OT: FIFA looking in to possible match fixing

Submitted by samber2009 on

It's been a slow day on the board.

They are looking into the recent Argentina v Nigeria friendly and a few of the Gold Cup matches.  

Here's the interesting part:

Der Spiegel reported Saturday that three unidentified CONCACAF Gold Cup matches are under scrutiny because of suspicious betting patterns in Asia. The bets were made on high-scoring games, and two of the matches ended 5-0, with the other finishing 4-0.

Mexico beat El Salvador and Cuba 5-0 while Costa Rica also beat Cuba by that score. Two games, Jamaica and Guatemala's wins against Grenada, finished 4-0.

It'll be interesting to see how this ends up especially with Mexico and the banned substances incident. Some of these Gold Cup teams are just bad, so I don't think some of these score lines are unusual.

I also think FIFA investigating shady activity is laughable.

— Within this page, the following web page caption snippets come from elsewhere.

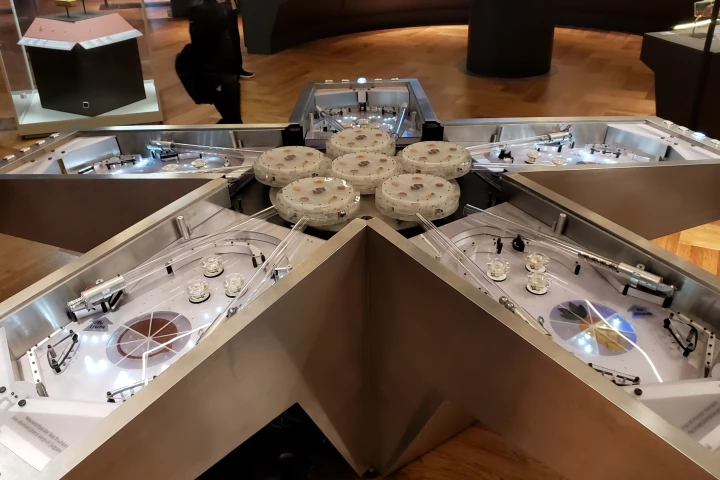 Andy Cavatorta's multi-player Dual Coincidence game incorporates five pinball playfields, joined to one another at the head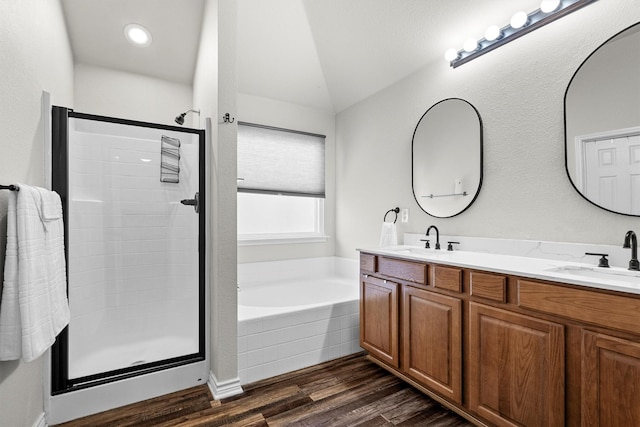14137 Playa Trl, Fort Worth, TX 76052 - full bathroom featuring a shower stall, a garden tub, double vanity, wood finished floors, and lofted ceiling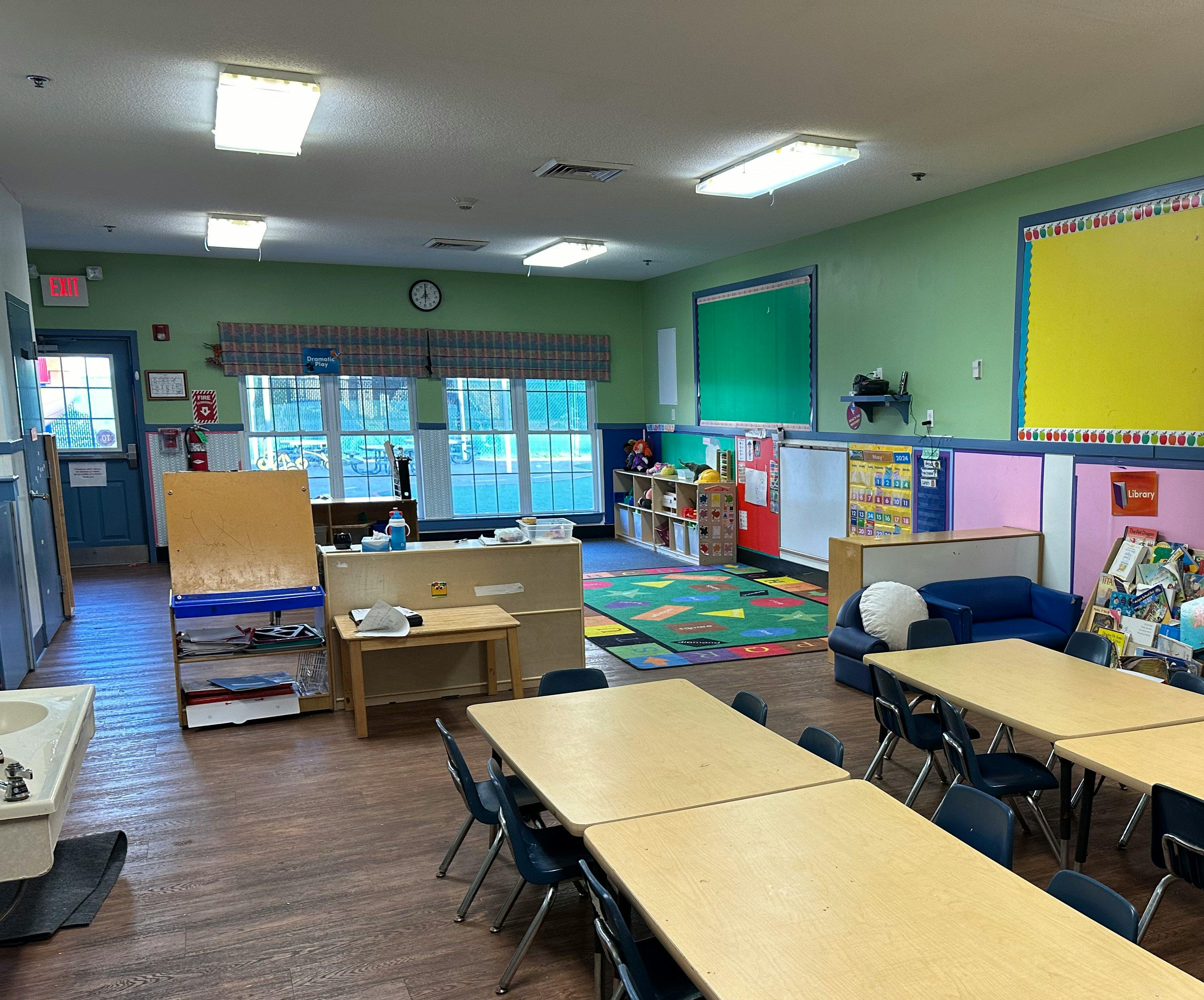 An empty classroom with light green walls and small tables and chairs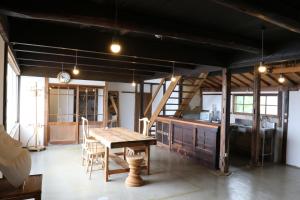 a dining room with a table and a kitchen at Womb Guesthouse Kojima -Uminomieru ie- - Vacation STAY 95107v in Tamano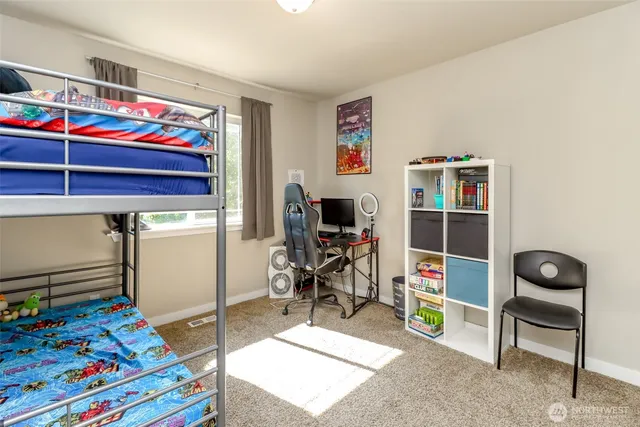 a living room with a baby crib and a wooden floor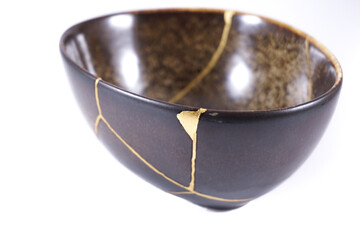 Antique Japanese Kintsugi, brown black Kintsugi bowl restored with gold cracks.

http://espn.go.com/sports/soccer/news/_/id/6676581/fifa-looking-gold-cu…

Tater

June 19th, 2011 at 8:40 AM ^

It's the inexplicable that charms us about sport, but if it's too inexplicable, we think fixing must have been involved.  "Fix" is the default reason used to make sense of poor performances of home teams or officials in cities all over the world.  

Yeoman

June 19th, 2011 at 9:33 AM ^

That Spiegel article has some background on recent match fixing incidents, and some of them certainly seem to go far beyond the usual fans' grumbling about poor performances: Bahrain hosted a match against Togo that turned out to be against eleven amateurs dressed in Togolese uniforms. Several other matches are described with scorelines that seem to have been very heavily influenced by the match official (seven goals, all penalties, for example) and with some odd similarities:

  • the matches all had the same referee
  • the matches were all organized by a company in Singapore that has since turned off its webpage and disappeared from official Singaporean registries
  • there was unusually heavy betting activity on the matches

There's a lot of this stuff going on lately--big scandals in Italy, Germany and South Korea alongside the usual corruption in Bulgaria and the like--and I can see why they'd want to investigate whenever they see an unusual concentration of betting activity. And I can see why the betting parlors would want to cooperate.

http://www.spiegel.de/sport/fussball/0,1518,769127,00.html

http://www.spiegel.de/sport/fussball/0,1518,718539,00.html

 

turtleboy

June 19th, 2011 at 1:35 PM ^

a candidate for FIFA president quit due to bribing, the Quatar World Cup was bought, the worst refereeing in any soccer match happens during the world cup yet those refs are inited back the next time, the Calciopoli scandal happened for virtually every team in Italy ( you must assume they bribed Jorge Larrionda too) and the list goes on and on that match fixing is very much a reality as well.

MGoBender

June 19th, 2011 at 1:44 PM ^

If you think the worst officiating happens at the World Cup, then you don't watch a lot of soccer.

When every play is scrutinized by the largest television audiences in the world for any sport, people will find mistakes.

JohnnyV123

June 19th, 2011 at 2:59 PM ^

Being a soccer referee is tough. The offsides call is one of the hardest in all sports to make correctly.

Think of how tough it can be at times to look at both a baseball player's glove catching a ball while at the same time looking at the runner's feet to see if he was safe before the ball was caught.

Same deal when you are looking in football at a receiver gaining possession of the ball and landing with two feet in bounds. Difficult to look at both at the same time but at least you have replay to back you up now.

Then go to soccer. Offsides is called if an offensive player is behind the last defender before the pass to them is made. Sometimes this pass can come from 20-30 feet away so a linesman is supposed to somehow look at when the ball is kicked and where the offensive player was at that time which can sometimes be impossible (the difference being in baseball and football the examples I gave were within a couple feet of vision).

When goals are at a premium and there is no replay the soccer referees mistakes are even more glaring than in other sports.

Anyways, back to the OP, I don't know if anything illegal was going on but really when it's Cuba I mean 4-0 5-0 isn't out of the ordinary.